Он пел песню про настоящего индейца, Киса бросался подпевать – ему очень нравилось петь, но нот он не различал. Сева внимательно слушал. Песня напоминала разновидность дури, но была действительно хороша – заливиста.
– Хоть от дяди Федора нормальная песня осталась, – пробубнил себе под нос русак Борис, поправив дешевые очки и быстро постукивая ложечкой по стенкам стакана. – А вообще русский рок превратился в говно. Либо песни для девочек, либо нравоучения. Две группы нормальные остались – «Апрельский марш» и «Зазеркалье». Уральцы, кстати, воспели первый задокументированный случай некрофилии – в песне «Сержант Бертран»…
Борис знал, о чем говорил, – тему некрофилии в своем творчестве он вывел на новый уровень. Борис писал песни, собрал группу «Мухолов» и концертировал. Помимо песен о любовных отношениях с трупами в его арсенале были хиты на сатанинские темы. Борис копал не просто вглубь, но прежде всего – в сторону, подальше от прямого языка старой культуры. Он заканчивал философский факультет и в определении того, что он делал, употреблял слово «субкультура». В крайних случаях Борис употреблял слово «постмодернизм», для него оно означало, что после любой песни можно сказать: «Это была шутка». От некоторых шуточных песенок Севу брала оторопь. Но были и песни, которые, по мнению Севы, автор должен был бы считать совсем другими, серьезными. В них был свой почерк и драматизм – однообразная манера исполнения и довольно слабый голос совершенно не мешали им в полной мере проявляться. Но Борис не выделял этих песен, пел их наряду со шлягером «Поклонись сатане». Постепенно Сева понял, что Борис вообще не склонен много думать над тем, что он делает, – предпочитает делать, быстро и легко. Для него искусство не предполагает цели сделать идеальную вещь, оно для него повседневность, изобретенный раз и навсегда образ жизни, в котором допускается иногда в конце концерта показать волосатую голую жопу. Сева этого не переносил и на концерты Бориса не ходил. А потому виделся с ним редко, чаще всего – в этой самой комнате, расположившейся в соседней секции. Борис, как правило, много и беспорядочно говорил, стучал своей ложечкой, как будто стеснялся тишины в присутствии Севы. А Сева, хотя и младший, тишины не стеснялся. Он чувствовал себя, как бочка со смолой, в которой невозможно провернуть ложку. Процессы в нем сейчас шли медленно.

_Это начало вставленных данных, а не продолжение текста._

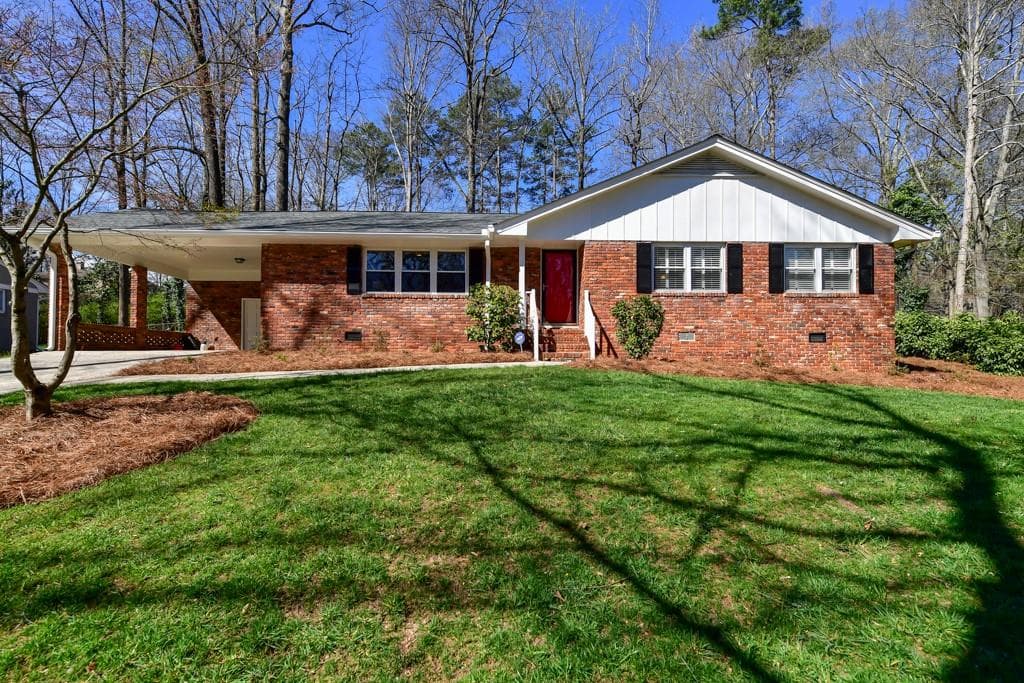 3 bedroom, 2 bathroom, 1,347 sq ft single family residence sold at 3374 Dunn Street, Smyrna, GA 30080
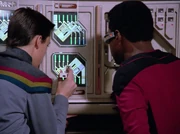 La Forge und Crusher untersuchen die Fehlfunktion am Holodeck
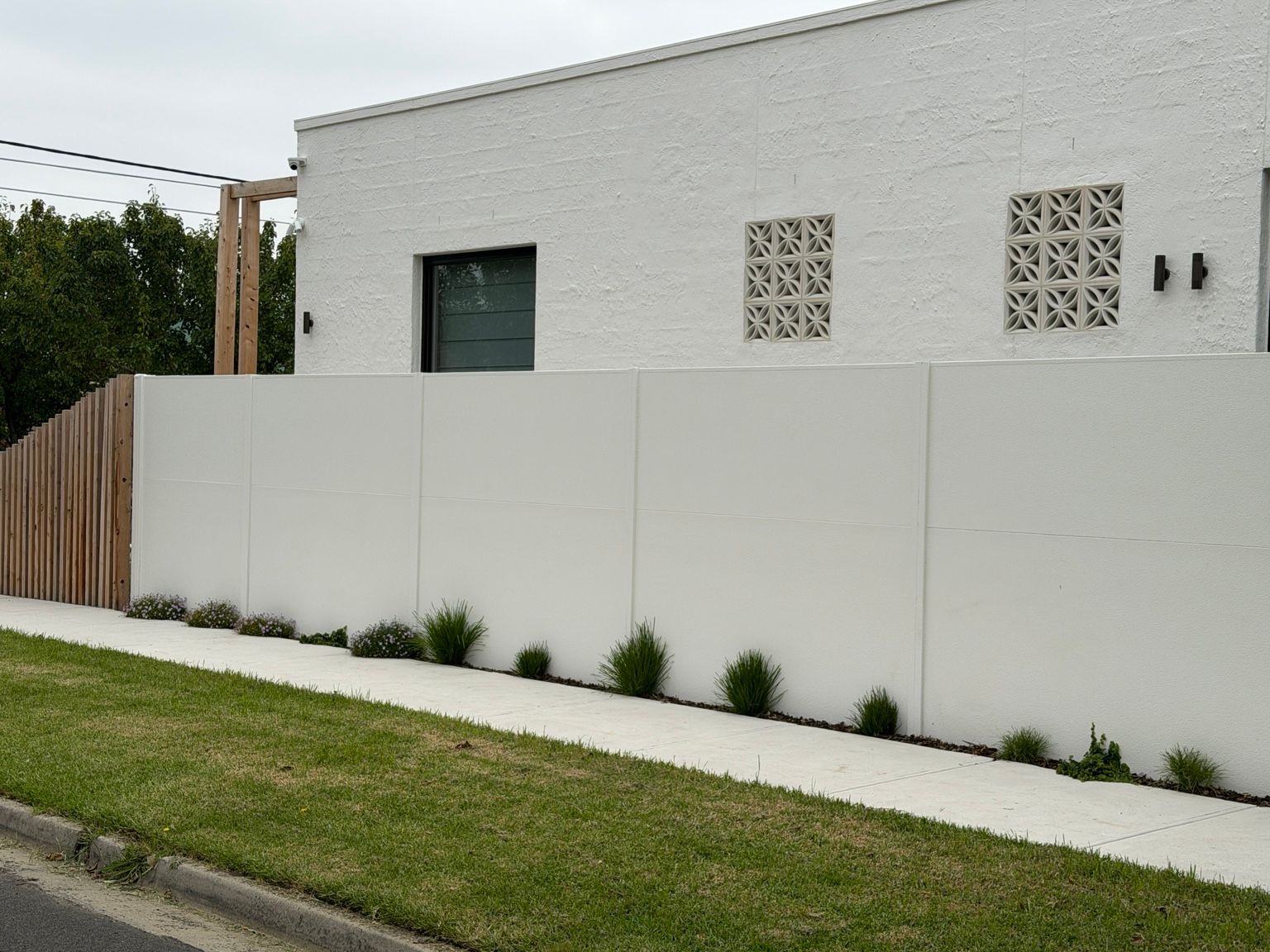 White SlimWall front boundary with hardwood battens at Reservoir.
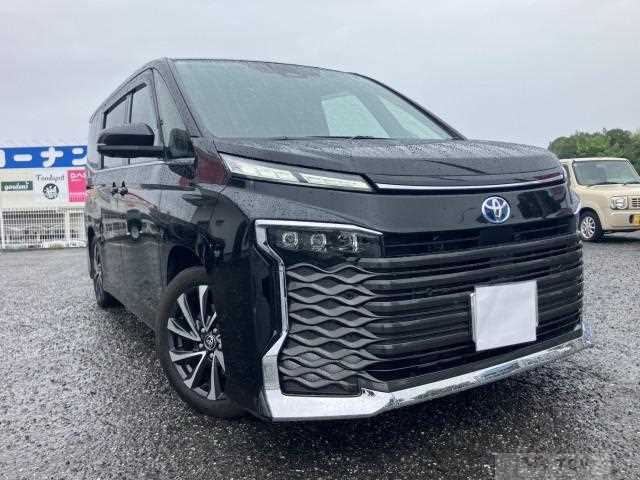 2022 Toyota Voxy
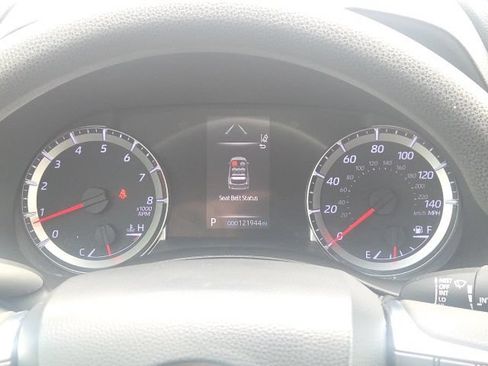 Used 2021 Toyota Highlander L FWD image 41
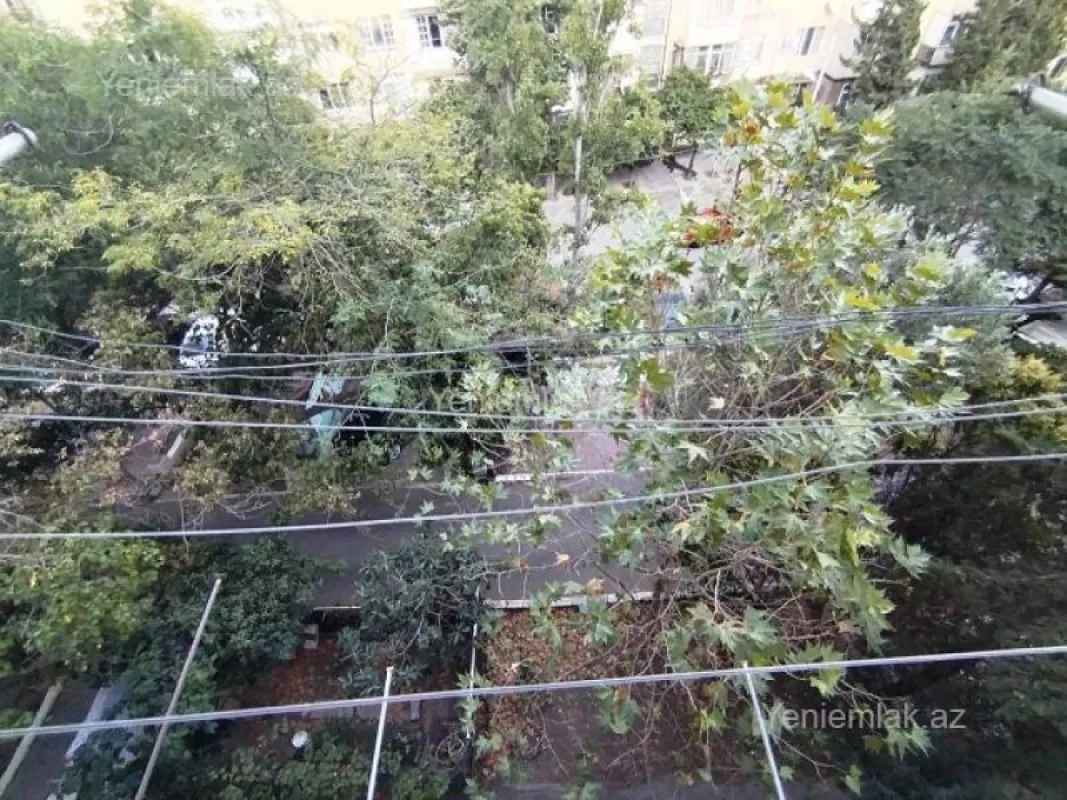 Satılır 5 otaqlı yeni tikili 150 m²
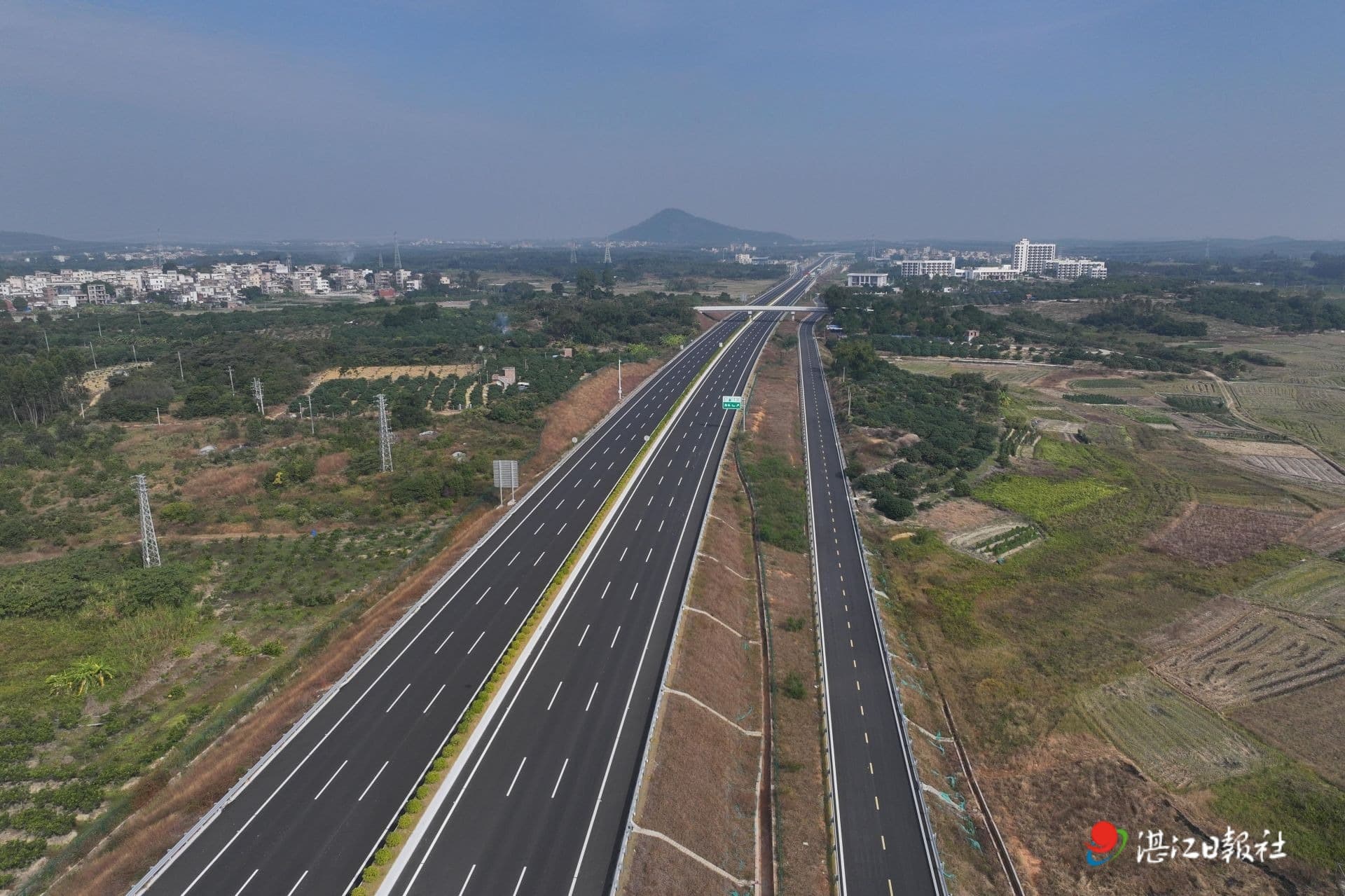 湛江机场高速公路全线通车，粤西发展插上“高速”翅膀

– Боря, ты был в Лиманчике?
– Нет, я не был.
– Как не был? – театрально воскликнул Киса, который считался старым приятелем Бориса.
– Никогда не был, – подтвердил Борис, – но у меня же везде Лиманчик, только такой – мрачный. Я приезжаю в любой город, и везде есть тридцать-двадцать-десять человек, которые знают мое имя, откуда-то знают мои песни, подпевают, наливают – и в любом городе мне примерно одинаково…
– Если бы я твоих песен не слышал, я бы завидовал, – сказал Сева.
– Что, не хочешь в мой Лиманчик? – затрясся от беззвучного смеха Борис, поднимая глаза на Севу.
Здесь же был Димон, которого называли Белым. Он был специалист только по программе развлечений. Соловей закончил, а Димон вынул из кармана маленький кусочек того, что можно было бы принять за древесину.
– Знаешь, что это? – спросил он Севу.
– Что?
– Корень мандрагоры.
– Наркотик?
– Немножко, – хитро усмехнулся Белый, и они встретились глазами.